<…> Поздравляю тебя, моя радость, с романтической трагедиею, в ней же первая персона Борис Годунов! Трагедия моя кончена; я перечел ее вслух, один, и бил в ладоши и кричал, ай-да Пушкин, ай-да сукин сын! Юродивой мой малый презабавный; <…> Прочие также очень милы; кроме капитана Маржерета, который всё по-матерну бранится; цензура его не пропустит. Жуковский говорит, что царь меня простит за трагедию — навряд, мой милый. Хоть она и в хорошем духе писана, да никак не мог упрятать всех моих ушей под колпак юродивого. Торчат! Ты уморительно критикуешь Крылова; молчи, то знаю я сама, да эта крыса мне кума. Я назвал его представителем
Я из Пскова написал тебе было уморительное письмо — да сжег. Тамошний архиерей отец Евгений принял меня как отца Евгения. Губернатор также был весьма милостив; дал мне переправить свои стишки-с. Вот каково! Прощай, мой милый.

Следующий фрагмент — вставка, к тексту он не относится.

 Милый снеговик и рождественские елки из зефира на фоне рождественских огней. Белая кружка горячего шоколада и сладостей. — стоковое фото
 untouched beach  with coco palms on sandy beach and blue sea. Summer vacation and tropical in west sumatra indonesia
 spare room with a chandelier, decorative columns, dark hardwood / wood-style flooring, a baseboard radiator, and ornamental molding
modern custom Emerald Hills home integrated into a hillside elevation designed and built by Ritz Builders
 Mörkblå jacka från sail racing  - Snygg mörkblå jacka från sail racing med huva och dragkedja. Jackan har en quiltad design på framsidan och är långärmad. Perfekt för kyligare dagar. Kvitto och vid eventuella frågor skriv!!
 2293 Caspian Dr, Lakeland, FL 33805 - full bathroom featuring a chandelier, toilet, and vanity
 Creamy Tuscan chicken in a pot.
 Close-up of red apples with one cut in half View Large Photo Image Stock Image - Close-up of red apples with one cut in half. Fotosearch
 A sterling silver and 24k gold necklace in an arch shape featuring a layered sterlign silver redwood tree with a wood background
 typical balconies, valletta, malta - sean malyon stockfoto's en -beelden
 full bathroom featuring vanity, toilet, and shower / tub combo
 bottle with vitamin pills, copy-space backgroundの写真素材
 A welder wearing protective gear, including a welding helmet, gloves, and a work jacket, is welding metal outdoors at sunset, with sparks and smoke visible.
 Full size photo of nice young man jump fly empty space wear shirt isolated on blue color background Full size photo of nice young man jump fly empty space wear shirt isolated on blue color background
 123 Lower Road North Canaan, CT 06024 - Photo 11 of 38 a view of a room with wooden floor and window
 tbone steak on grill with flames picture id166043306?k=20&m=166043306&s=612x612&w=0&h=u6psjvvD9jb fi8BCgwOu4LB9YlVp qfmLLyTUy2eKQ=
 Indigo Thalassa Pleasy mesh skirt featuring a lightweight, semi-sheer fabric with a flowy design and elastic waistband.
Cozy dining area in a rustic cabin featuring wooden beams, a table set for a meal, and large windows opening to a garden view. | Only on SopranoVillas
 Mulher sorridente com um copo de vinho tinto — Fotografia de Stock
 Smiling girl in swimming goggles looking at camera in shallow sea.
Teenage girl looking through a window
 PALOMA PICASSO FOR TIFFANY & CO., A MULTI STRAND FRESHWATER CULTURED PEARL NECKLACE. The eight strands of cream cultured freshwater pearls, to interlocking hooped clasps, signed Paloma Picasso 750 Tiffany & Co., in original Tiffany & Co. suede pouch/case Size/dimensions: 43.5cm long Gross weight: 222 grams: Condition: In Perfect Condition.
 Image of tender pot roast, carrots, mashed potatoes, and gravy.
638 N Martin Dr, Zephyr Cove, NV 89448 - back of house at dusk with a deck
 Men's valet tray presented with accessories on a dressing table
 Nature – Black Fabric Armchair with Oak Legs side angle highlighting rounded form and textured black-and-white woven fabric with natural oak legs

<…> Жажду иметь понятие о твоем «Годунове». Чудесный наш язык ко всему способен, я это чувствую, хотя не могу привести в исполнение. Он создан для Пушкина, а Пушкин для него. Я уверен, что трагедия твоя исполнена красот необыкновенных. Иди, довершай начатое, ты, в ком поселился гений! Возведи русскую поэзию на ту степень между поэзиями всех народов, на которую Петр Великий возвел Россию между державами. Соверши один, что он совершил один; а наше дело — признательность и удивление. <…>
Мне досадно, что Рылеев меня не понимает — в чем дело. Что у нас не покровительствуют литературу, и что слава богу? зачем же об этом говорить? pour réveiller le chat qui dort?[167] напрасно. Равнодушию правительства и притеснению цензуры обязаны мы духом нынешней нашей словесности. Чего ж тебе более? загляни в журналы в течение шести лет посмотри, сколько раз упоминали обо мне, сколько раз меня хвалили поделом и понапрасну — а об нашем приятеле ни гугу, как будто на свете его не было. Почему это? уж верно не от гордости или радикализма такого-то журналиста, нет — а всякий знает, что, хоть он расподличайся, никто ему спасибо не скажет и не даст ни пяти рублей — так лучше ж даром быть благородным человеком. Ты сердишься за то, что я чванюсь 600-летним дворянством. (NB, мое дворянство старее). Как же ты не видишь, что дух нашей словесности отчасти зависит от состояния писателей? Мы не можем подносить наших сочинений вельможам, ибо по своему рождению почитаем себя равными им. Отселе гордость etc. Не должно русских писателей судить, как иноземных. Там пишут для денег, а у нас (кроме меня) из тщеставия. Там стихами живут, а у нас граф Хвостов прожился на них. Там есть нечего, так пиши книгу, а у нас есть нечего, служи, да не сочиняй. Милый мой, ты поэт и я поэт, но я сужу более прозаически и чуть ли от этого не прав. Прощай, мой милый, что ты пишешь?
Извини, милый Пушкин, что долго не отвечал тебе; разные неприятные обстоятельства, то свои, то чужие, были тому причиною. Ты мастерски оправдываешь свое чванство шестисотлетним дворянством; но несправедливо. Справедливость должна быть основанием и действий, и самых желаний наших. Преимуществ гражданских не должно существовать, да они для Поэта Пушкина ничему и не служат ни в зале невежды, ни в зале знатного подлеца, не умеющего ценить твоего таланта. Глупая фраза журналиста Булгарина также не оправдывает тебя, точно так, как она не в состоянии уронить достоинства литератора и поставить его на одну доску с камердинером знатного барина. Чванство дворянством непростительно, особенно тебе. На тебя устремлены глаза России; тебя любят, тебе верят, тебе подражают. Будь Поэт и гражданин. — Мы опять собираемся с «Полярною». Она будет последняя; так, по крайней мере, мы решились. Желаем распроститься с публикою хорошо и потому просим тебя подарить нас чем-нибудь подобным твоему последнему нам подарку. — Тут об тебе бог весть какие слухи: успокой друзей своих хотя несколькими строчками. Прощай, будь здоров и благоденствуй.